Data items:
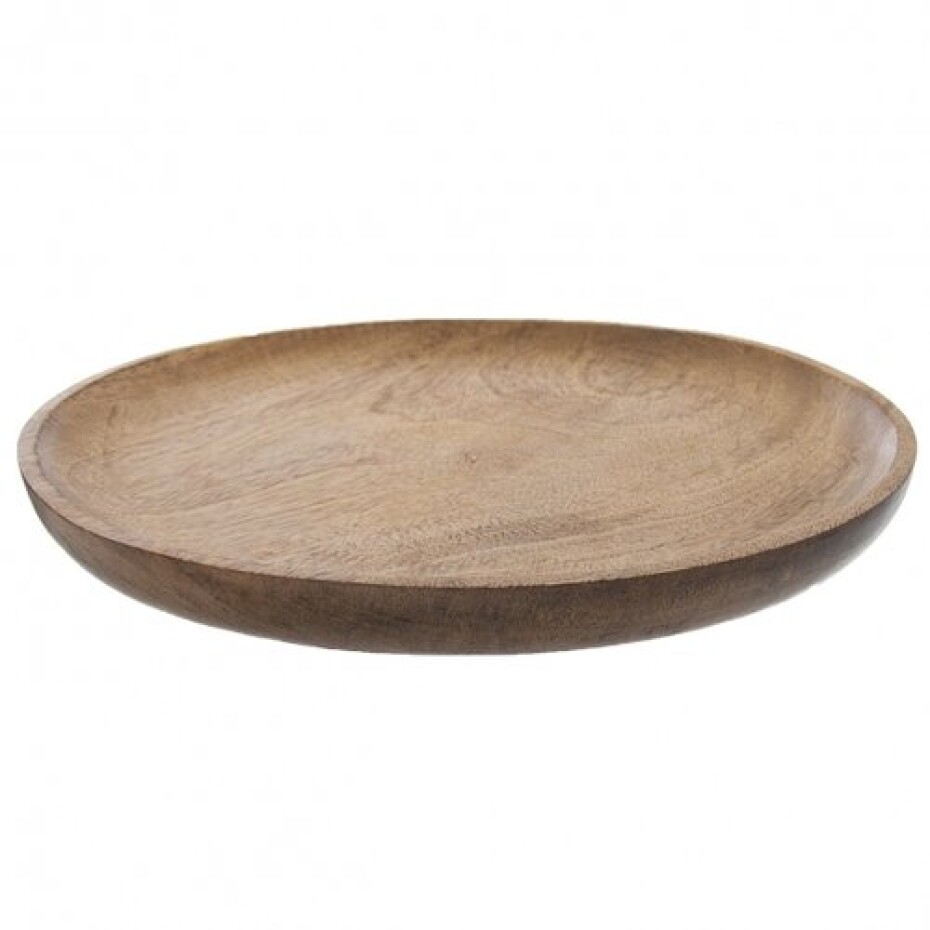 Orion Dřevěný tác kulatý MANGO, 30 cm  - main (0)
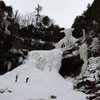Wide view of Kaaterskill Falls: lower & upper.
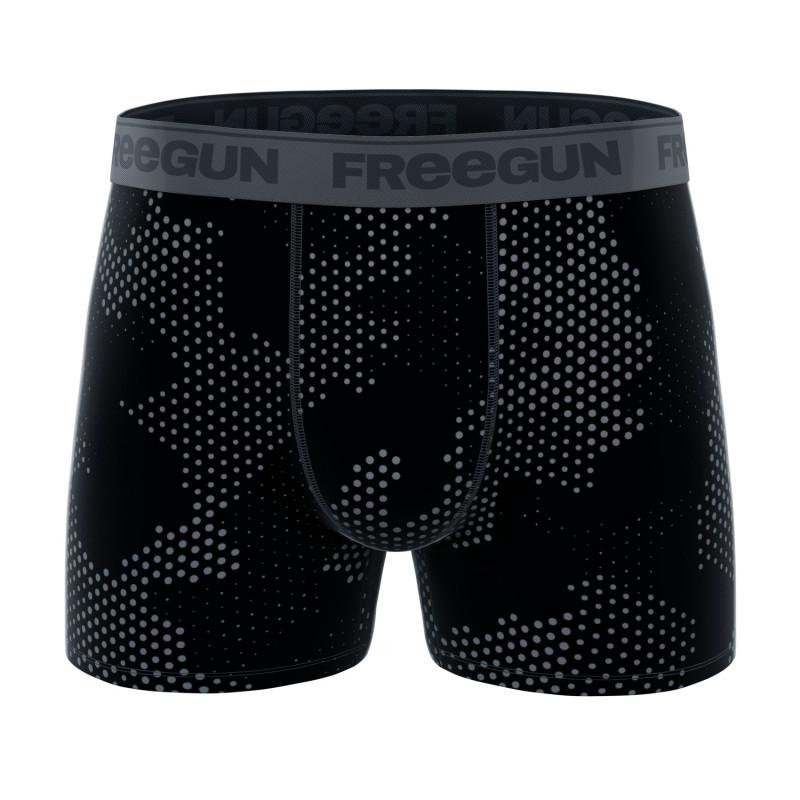 Freegun Lot De 3 Boxers Coton Imprimé Homme Stretch Signature Pablo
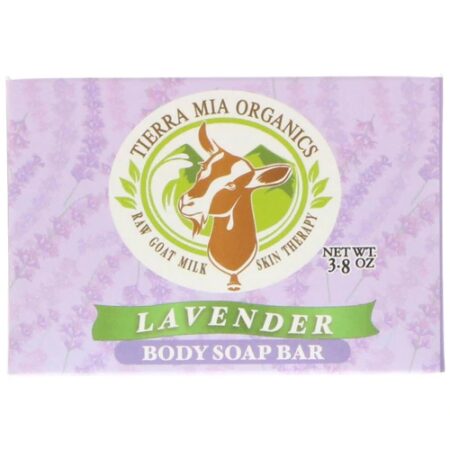 Tierra Mia Organics Body Soap Bar Lavender -- 4.2 oz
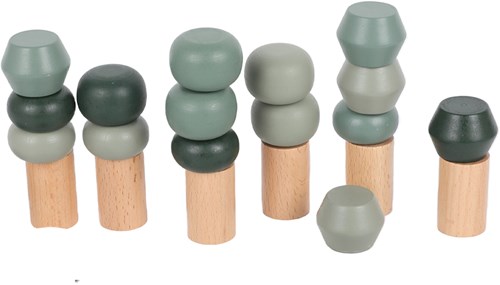 Atan Holz-Stapelbaum - buntes Spielzeug für Kinder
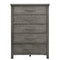 Modern Farmhouse 5 Drawer Chest in Dusty Charcoal-Washburn's Home Furnishings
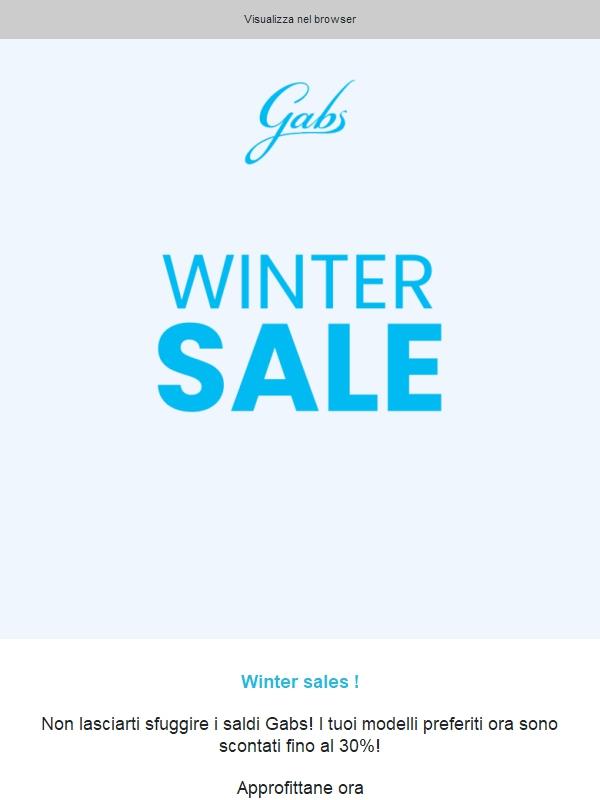 I saldi Gabs: tempo di acquisti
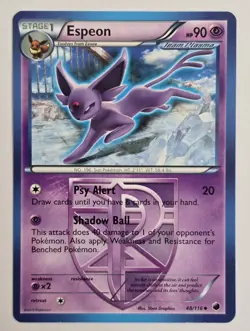 Pokemon ESPEON (Team Plasma) 48/116 Plasma Freeze - Near Mint 🍒 - Image 2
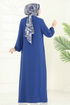 Abaya 390DVL817-MS Indigo - Thumbnail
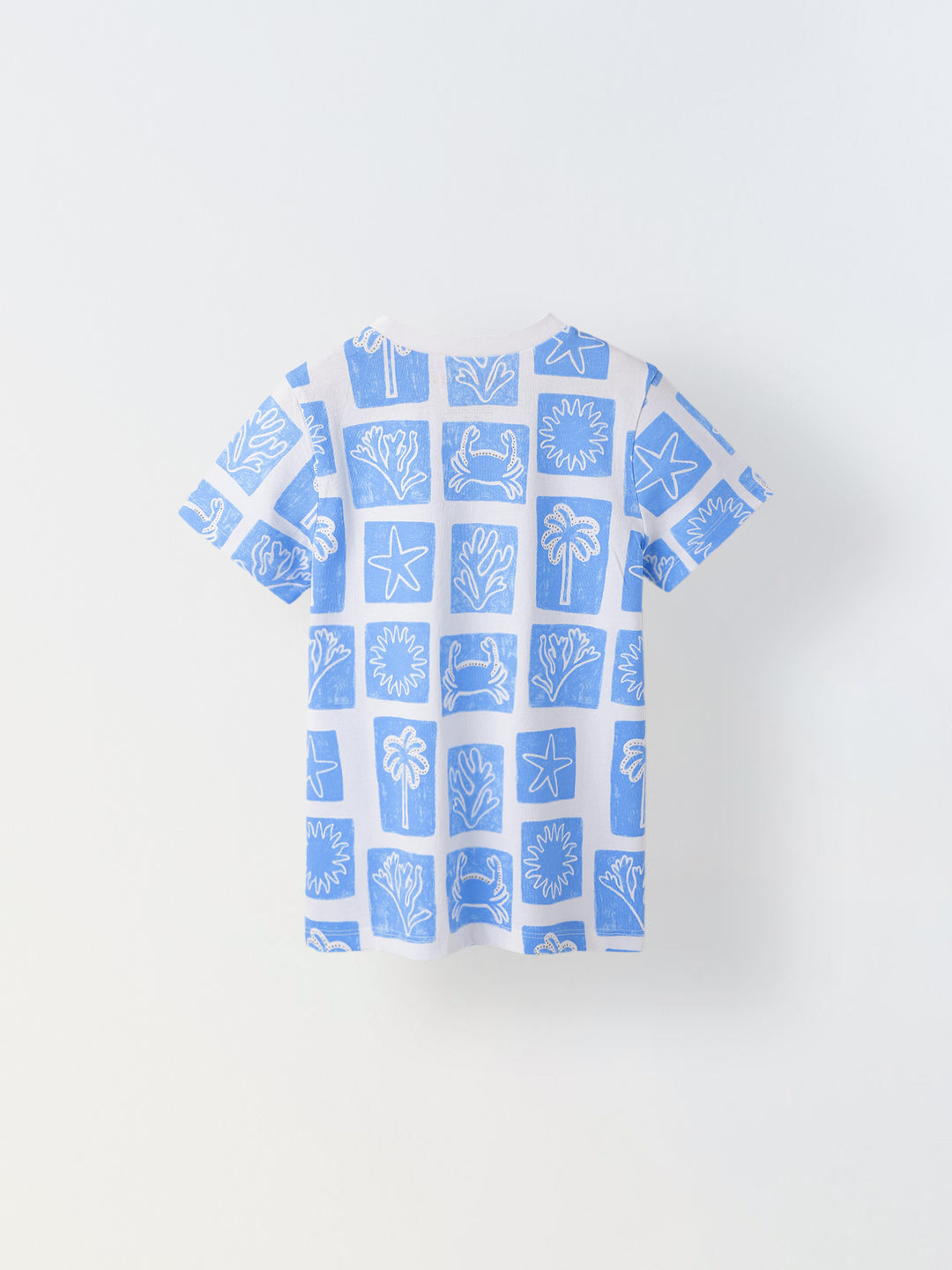 White Overall Printed Half Sleeve T-shirt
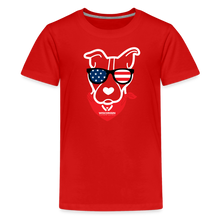 Load image into Gallery viewer, USA Dog Kids&#39; Premium T-Shirt - red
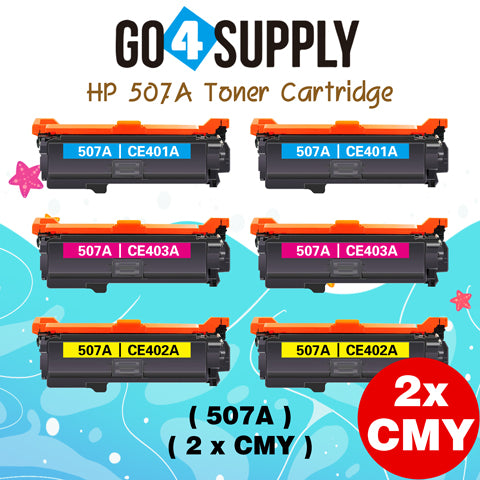 Compatible Combo Set HP 507A CE400A CE401A CE402A CE403A to use for HP LaserJet Enterprise 500 color M551, HP LaserJet Enterprise 500 color MFP M575, HP LaserJet Pro 500 color MFP M570 Series Printer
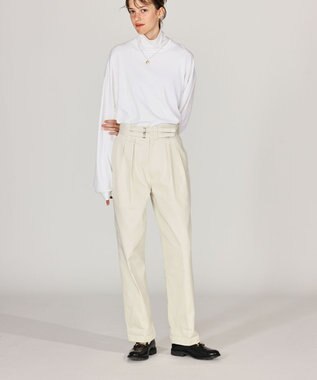 LENO DOUBLE BELTED GURKHA TROUSERS 《UNISEX》 ダブルベルトグルカパンツ IVORY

DIRECTIONS: Go through the records above and write out every line exactly, passing over the pictures.

WRITTEN ANSWER:
 Orion Dřevěný tác kulatý MANGO, 30 cm  - main (0)
Wide view of Kaaterskill Falls: lower & upper.
 Freegun Lot De 3 Boxers Coton Imprimé Homme Stretch Signature Pablo
 Tierra Mia Organics Body Soap Bar Lavender -- 4.2 oz
 Atan Holz-Stapelbaum - buntes Spielzeug für Kinder
 Modern Farmhouse 5 Drawer Chest in Dusty Charcoal-Washburn's Home Furnishings
 I saldi Gabs: tempo di acquisti
 Pokemon ESPEON (Team Plasma) 48/116 Plasma Freeze - Near Mint 🍒 - Image 2
 Abaya 390DVL817-MS Indigo - Thumbnail
 White Overall Printed Half Sleeve T-shirt
 Load image into Gallery viewer, USA Dog Kids&#39; Premium T-Shirt - red
 Compatible Combo Set HP 507A CE400A CE401A CE402A CE403A to use for HP LaserJet Enterprise 500 color M551, HP LaserJet Enterprise 500 color MFP M575, HP LaserJet Pro 500 color MFP M570 Series Printer
 LENO DOUBLE BELTED GURKHA TROUSERS 《UNISEX》 ダブルベルトグルカパンツ IVORY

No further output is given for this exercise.